• **Captioned web images**:
'''

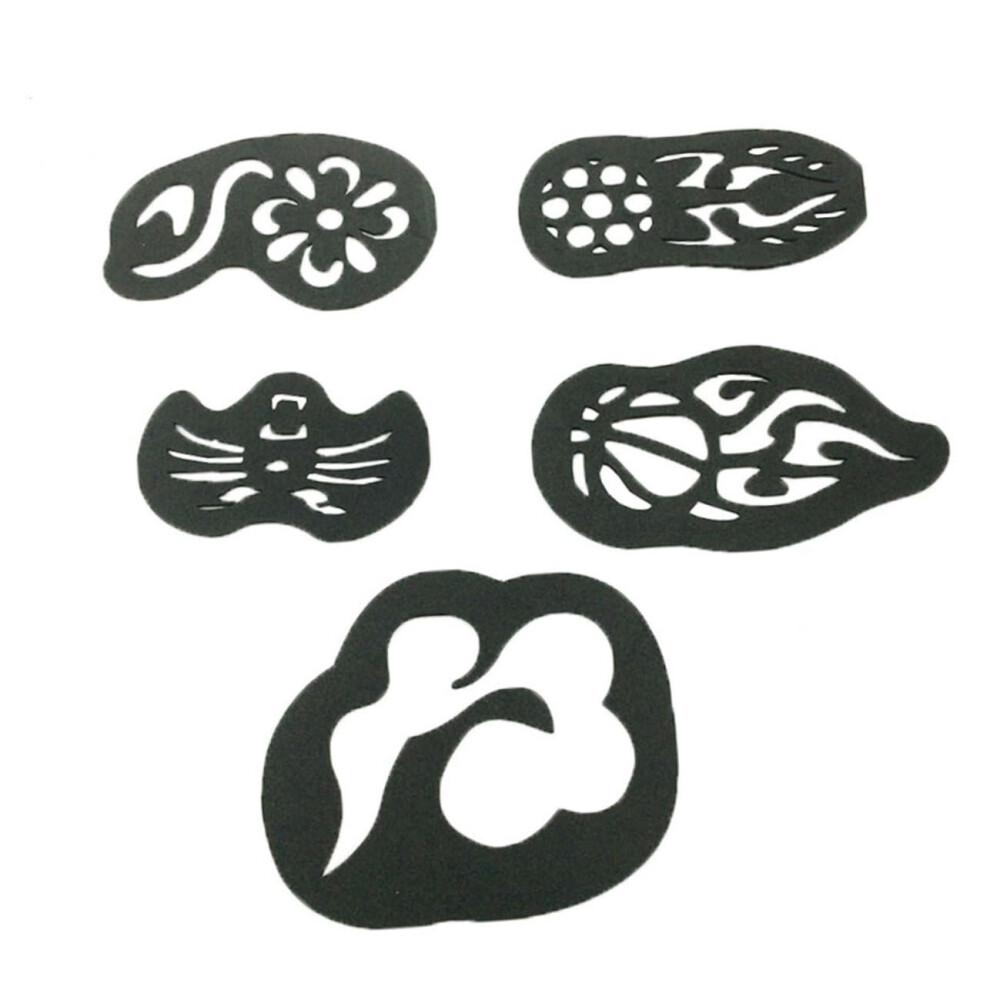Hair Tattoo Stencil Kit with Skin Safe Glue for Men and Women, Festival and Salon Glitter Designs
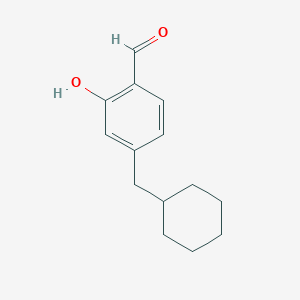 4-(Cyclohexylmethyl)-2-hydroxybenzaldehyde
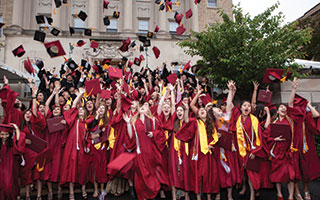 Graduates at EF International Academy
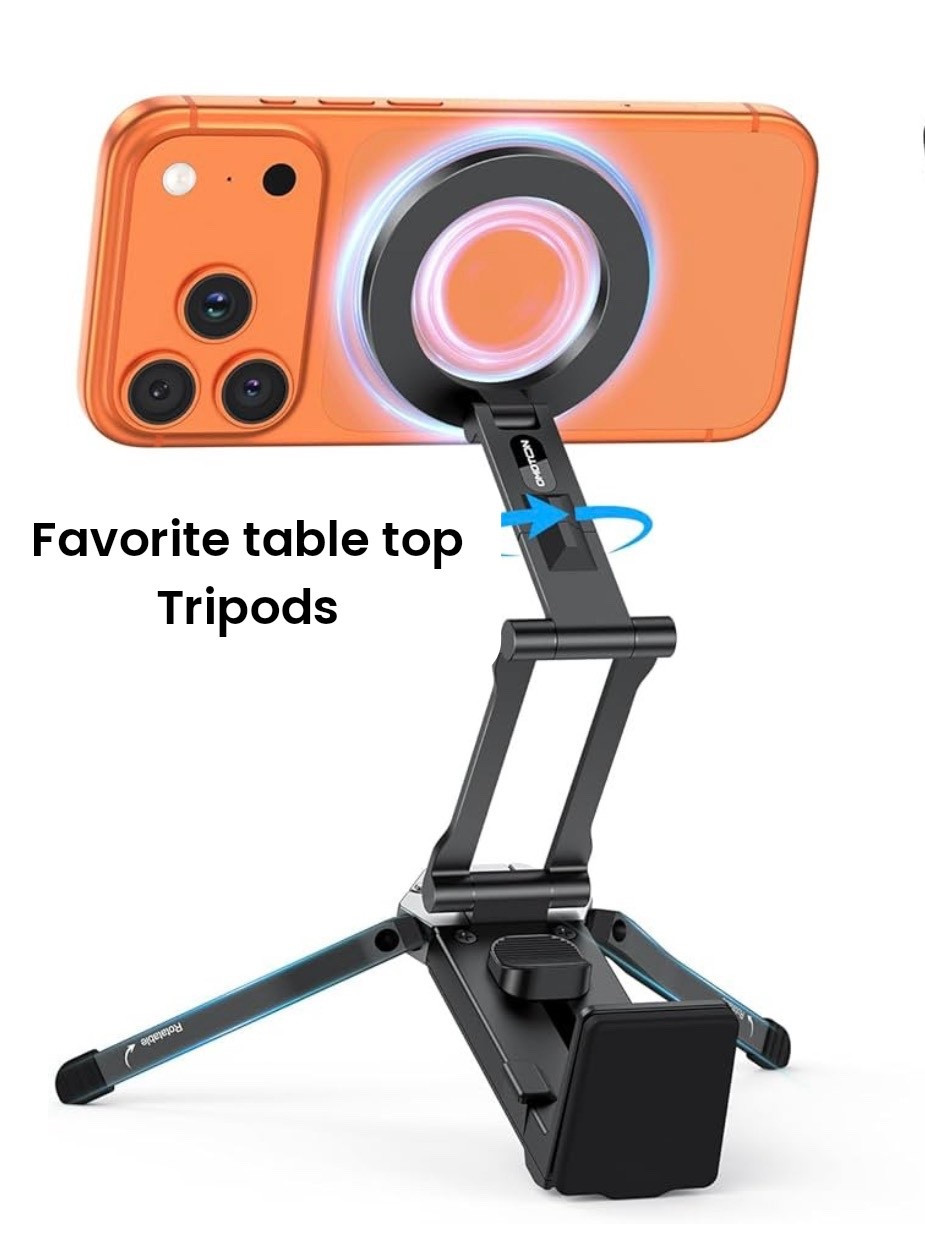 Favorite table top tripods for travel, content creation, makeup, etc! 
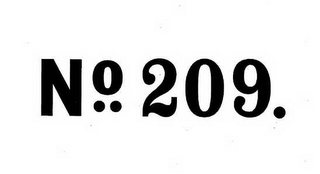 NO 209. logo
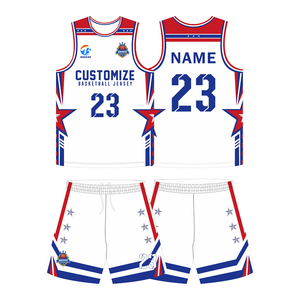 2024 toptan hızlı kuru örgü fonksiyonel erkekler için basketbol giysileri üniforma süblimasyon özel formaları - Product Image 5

'''

• **Work required**: Exclude all images and restate the records above word for word.

• **Final answer**:
Hair Tattoo Stencil Kit with Skin Safe Glue for Men and Women, Festival and Salon Glitter Designs
 4-(Cyclohexylmethyl)-2-hydroxybenzaldehyde
 Graduates at EF International Academy
 Favorite table top tripods for travel, content creation, makeup, etc! 
 NO 209. logo
 2024 toptan hızlı kuru örgü fonksiyonel erkekler için basketbol giysileri üniforma süblimasyon özel formaları - Product Image 5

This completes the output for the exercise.